━━━ Records
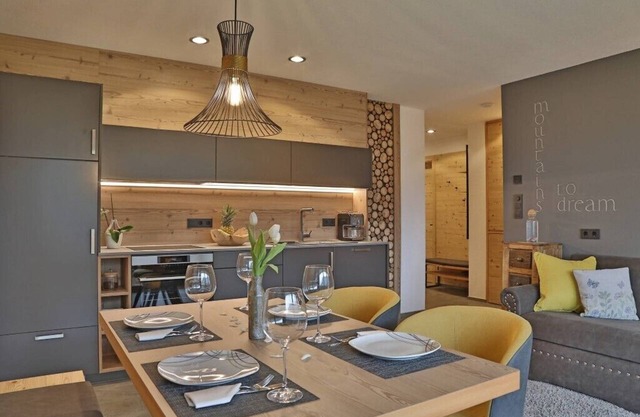 Apartment deluxe mountain feeling with a view of the entire Ahrntal Valley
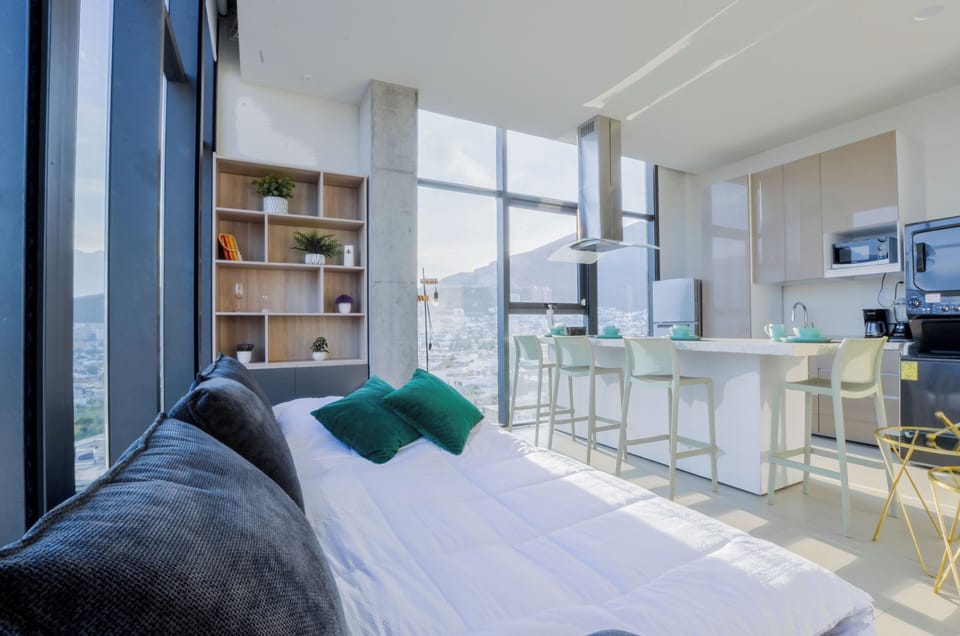 Club Suite, City View | Living area | 42-inch Smart TV with digital channels, streaming services
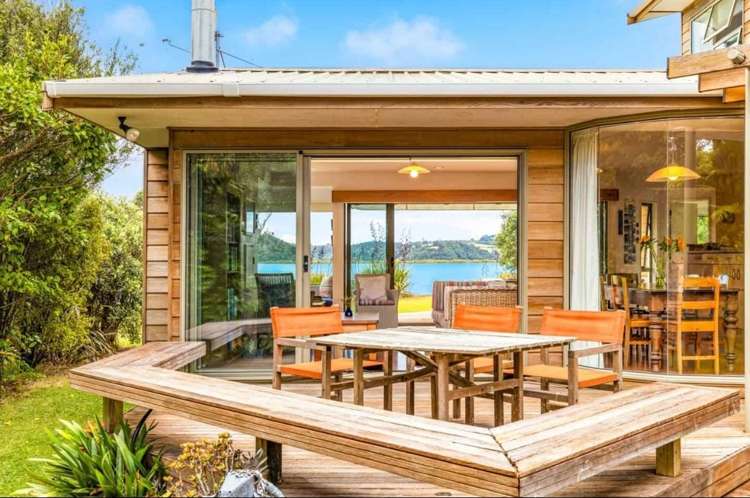 42 Harbour View Road Point Wells_1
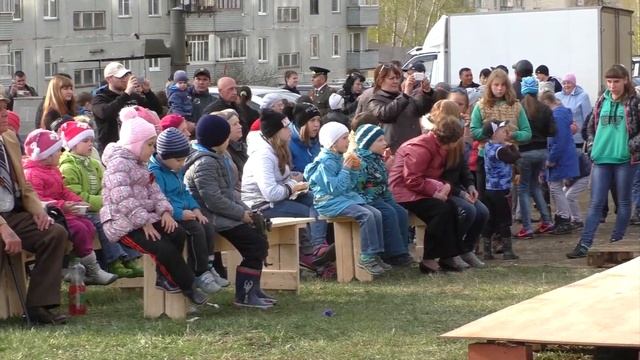 Праздничный концерт у 70-летию Победы и солдатская каша из полевой кухни. Миасс. (видео) смотреть онлайн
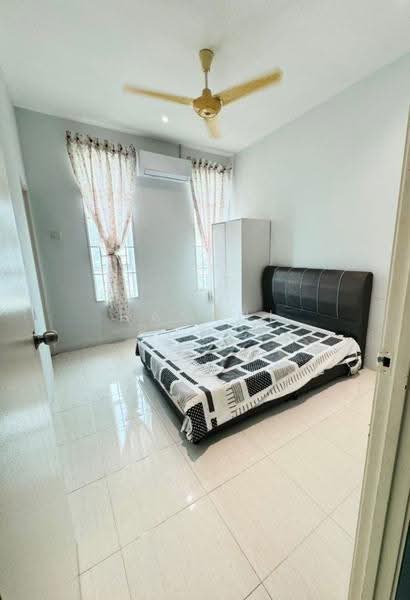 Rumah Berkembar untuk Dijual di Taman Tunku Sarina (Bandar Darulaman) - Hasrul Rosli - Bedroom - PropertyGuru.com.my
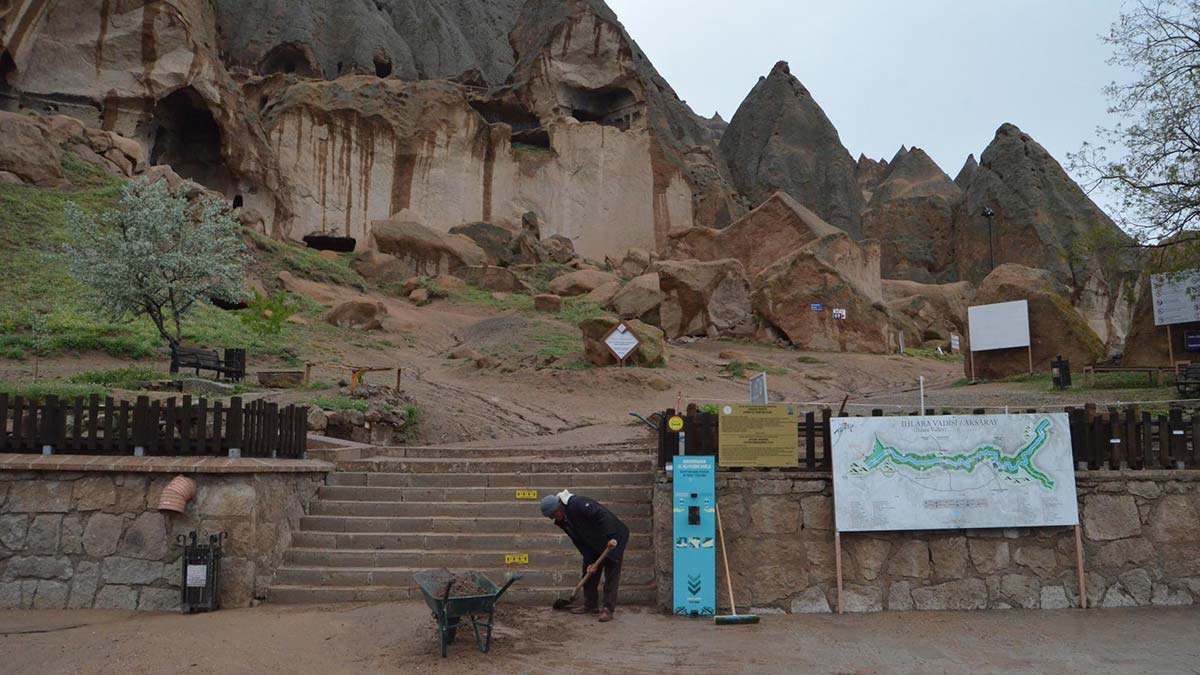 Türkiye'nin en çok ziyaret edilen 10 ören yeri arasındaki Ihlara Vadisi'nde heyelan meydana geldi. Belisırma köyü yoluna 2 kaya parçası düştü. Selime beldesinde ise 4 ev ile 2 mandırayı su bastı.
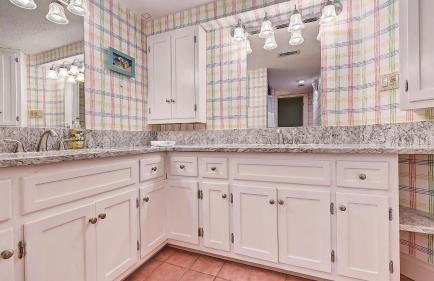 Lakefront w/ Private Dock + Hot Tub Pontoon Rental Butler Bliss by Avantstay - Foto 40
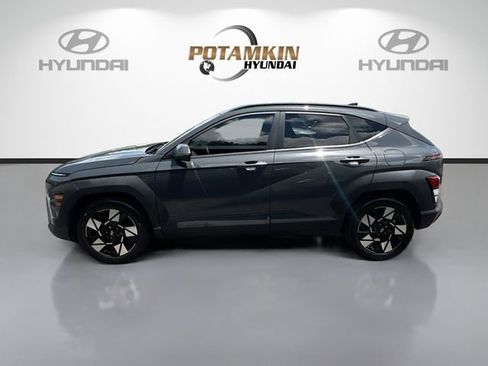 Certified 2024 Hyundai Kona SEL w/ Convenience Package FWD image 8
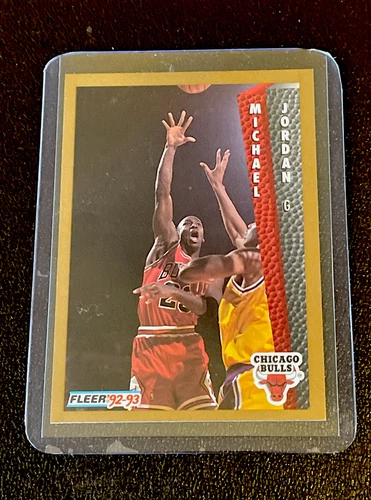 1992-93 Fleer Michael Jordan #32 Chicago Bulls HOF GOAT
━━━━━━
Work order: Restating the data word for word is the task, and pictures are to be omitted.

Expected answer:
 Apartment deluxe mountain feeling with a view of the entire Ahrntal Valley
 Club Suite, City View | Living area | 42-inch Smart TV with digital channels, streaming services
 42 Harbour View Road Point Wells_1
 Праздничный концерт у 70-летию Победы и солдатская каша из полевой кухни. Миасс. (видео) смотреть онлайн
 Rumah Berkembar untuk Dijual di Taman Tunku Sarina (Bandar Darulaman) - Hasrul Rosli - Bedroom - PropertyGuru.com.my
 Türkiye'nin en çok ziyaret edilen 10 ören yeri arasındaki Ihlara Vadisi'nde heyelan meydana geldi. Belisırma köyü yoluna 2 kaya parçası düştü. Selime beldesinde ise 4 ev ile 2 mandırayı su bastı.
 Lakefront w/ Private Dock + Hot Tub Pontoon Rental Butler Bliss by Avantstay - Foto 40
 Certified 2024 Hyundai Kona SEL w/ Convenience Package FWD image 8
 1992-93 Fleer Michael Jordan #32 Chicago Bulls HOF GOAT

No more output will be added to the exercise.